L’assassinat d’Abane et la confiscation du pouvoir par les militaires

La montée en puissance des chefs militaires, comme Houari Boumediene et ses alliés, transforme progressivement la dynamique interne du FLN. Les stratégies préconisées par Abane Ramdane suscitent la méfiance des commandants de l’Armée des Frontières, qui considèrent la suprématie politique comme une menace directe à leur ambition (Aït-Ahmed, 1983).

En décembre 1957, Abane Ramdane est attiré à Tétouan (Maroc) sous prétexte d’une réunion. Il est assassiné par ses propres compagnons de lutte, marquant ainsi la fin de la primauté politique dans la révolution algérienne.
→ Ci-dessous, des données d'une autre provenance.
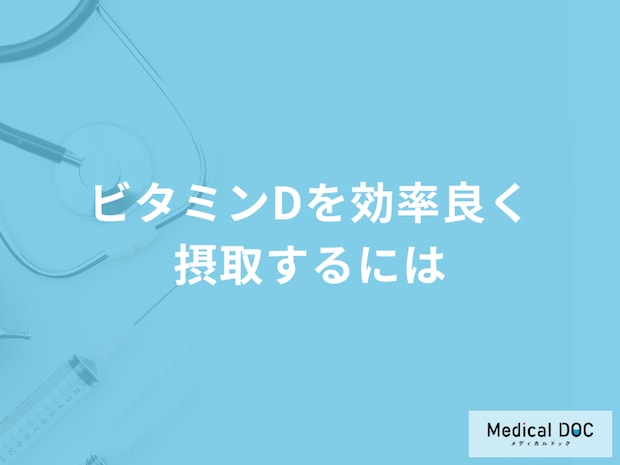 「ビタミンDを効率良く摂取する」には何と一緒に食べるのが良い?管理栄養士が解説!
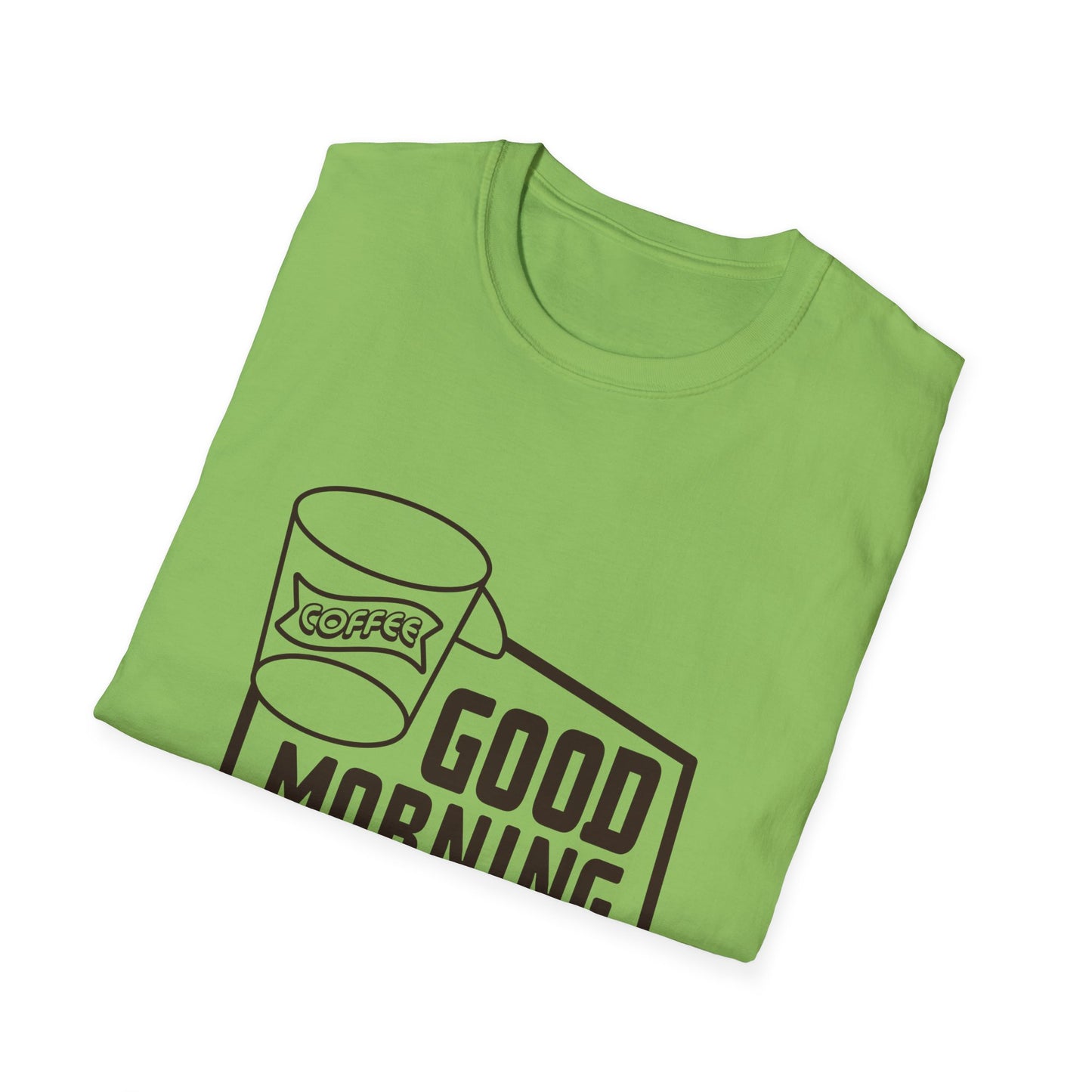 Good Morning Unisex Softstyle T-Shirt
Cet événement consacre la domination militaire au sein du FLN et préfigure la mainmise des militaires sur l’État algérien après l’indépendance (Harbi, 1980).

Un pouvoir militaire qui perdure

L’assassinat d’Abane ouvre la voie à une évolution du FLN où les chefs militaires prennent le contrôle de la lutte pour l’indépendance, puis du pays lui-même. En 1962, l’Algérie accède à l’indépendance dans un climat de tensions internes, qui opposent l’Armée des Frontières dirigée par Boumediene à la direction politique du GPRA (Gouvernement Provisoire de la République Algérienne) incarnée par Ben Khedda et Ferhat Abbas (Ageron, 1991).

Dès l’indépendance, l’armée impose son pouvoir en écartant les politiques civils. Boumediene orchestre un coup d’État en 1965 contre Ben Bella et instaure un régime militaire qui ne sera jamais remis en question (Evans & Phillips, 2007). Depuis, le pouvoir en Algérie reste sous le contrôle d’une caste militaire qui gouverne en coulisses, marginalisant toute opposition civile et étouffant les tentatives de démocratisation.

Droit de regard

Le parcours du nationalisme algérien, de ses premières luttes jusqu’à aujourd’hui, est marqué par une rupture fondamentale : celle du basculement du pouvoir des politiques vers les militaires. La rencontre entre Abane Ramdane et Ferhat Abbas symbolise l’ultime espoir d’une révolution dirigée par des principes civils. Son échec et l’assassinat d’Abane ont ouvert la voie à une hégémonie militaire qui se perpétue encore aujourd’hui, rendant toute alternative politique véritablement autonome difficilement envisageable en Algérie (Tlemçani, 1989).

Ce droit de regard des militaires sur le peuple algérien laisse transparaître une obsession maladive de tout contrôler et régenter les hommes et femmes que Dieu a créés libres.